The double-edged effect
The use of DAI looks interesting. If you buy the dip and mint a DAI, you can hold coins until they grow, along with using the stablecoin for your own needs.
On the other hand, if there's a sudden downturn, users can get liquidated, so they have to constantly increase their collateral.
DAO and MKR token
MakerDAO has a native MKR token, which was introduced along with the protocol in 2017. This coin powers the DAO community that controls the development of the project. MKR holders can vote to add or remove new assets from DAI collateral, influence liquidation ratios, protocol commissions, and the debt ceiling.

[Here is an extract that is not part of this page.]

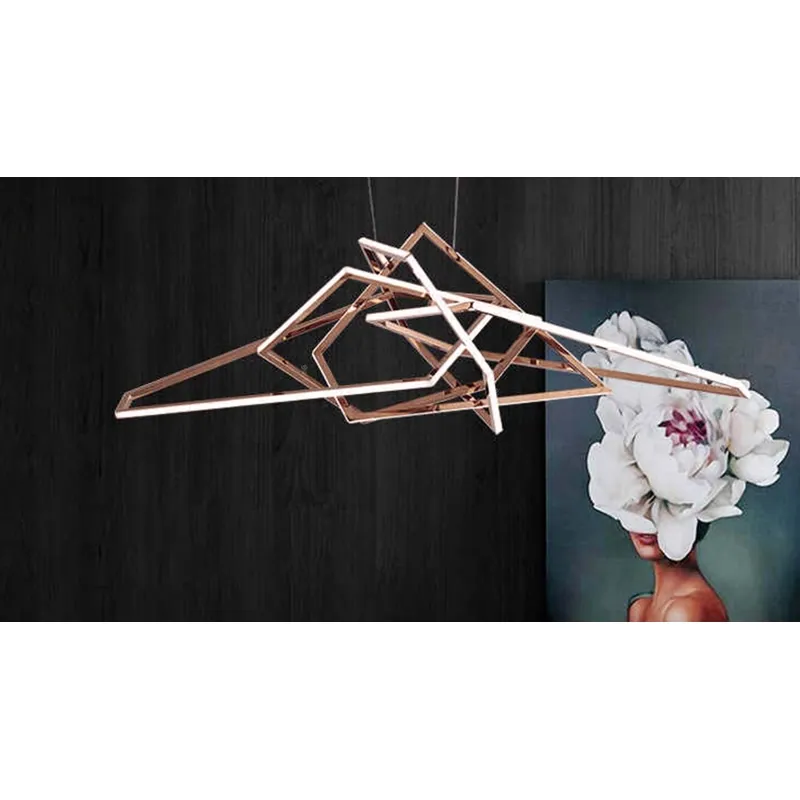 Rose Gold Constellation Linear Pendant Light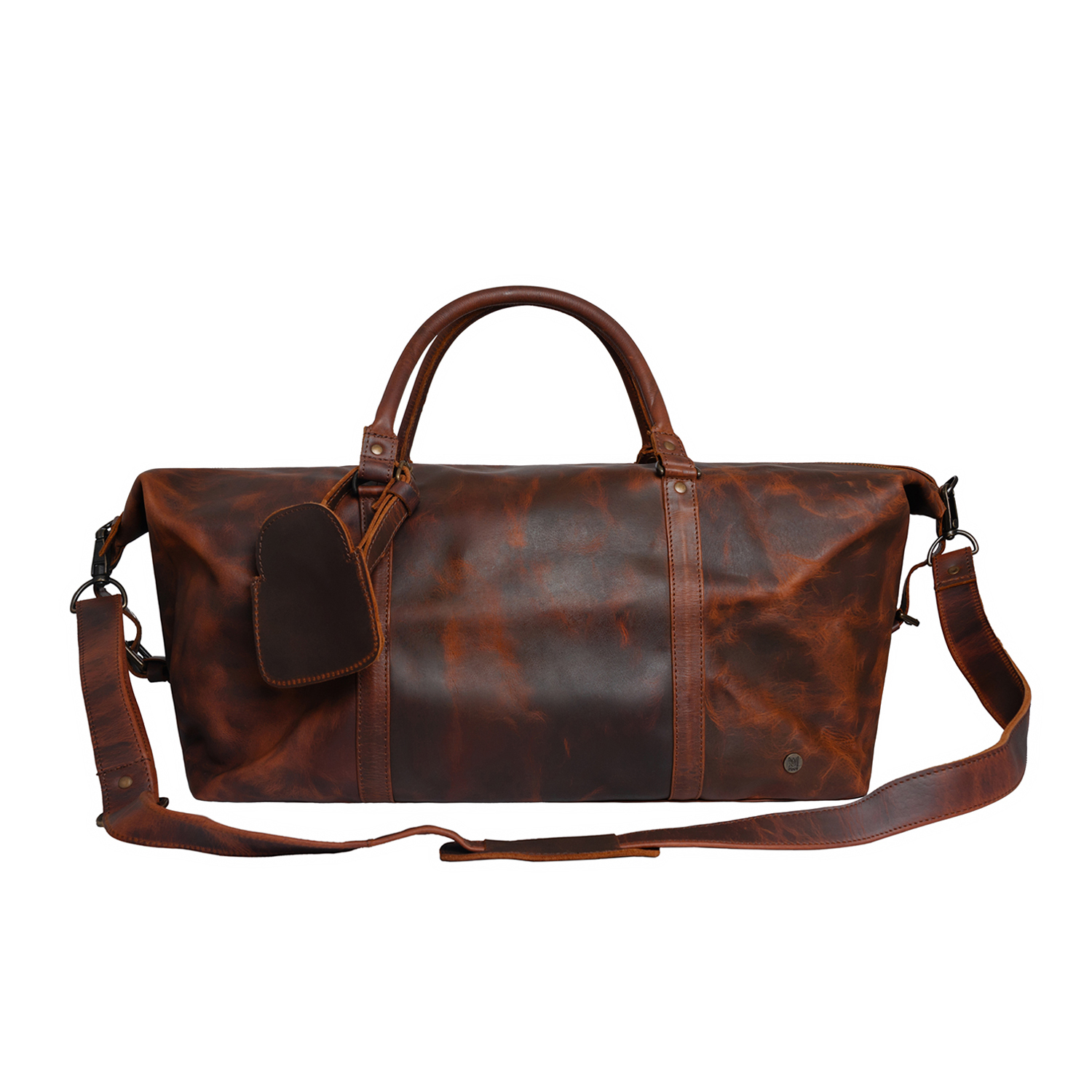 Waxy brown leather duffle bag with top handles and shoulder strap on a white background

MKR is also used to pay fees for creating smart contracts on the protocol. Most of the tokens that traders use to pay for deploying a new contract are burned.
The latest DAO decisions were to convert part of the reserves ($500 million) into U.S. securities, and to remove renBTC from being used as collateral. This decision was aimed at protecting Dai’s reserves from potential token de-peg in Bitcoin.
MKR is traded at $646, with a market cap of $580 million. According to CoinMarketCap, the current ranking of MKR is #59.
MKR price chart (Coinmarketcap)
Advantages and disadvantages of DAI
Dai's main advantages over other stablecoins:
- Full decentralization;
- Large volume of collateral;
- Convenient application for derivatives and smart contract platforms
- Transparency of the accounting system;
- Ease of cross-border transactions and resistance to censorship.
The system's disadvantages include:
- The required adjustment of DAI collateral depending on market situations (crypto scams);
- High competition;
- Risk of smart contract hacking or attack on the protocol;
- Potential regulatory control due to the complexity of the protocol.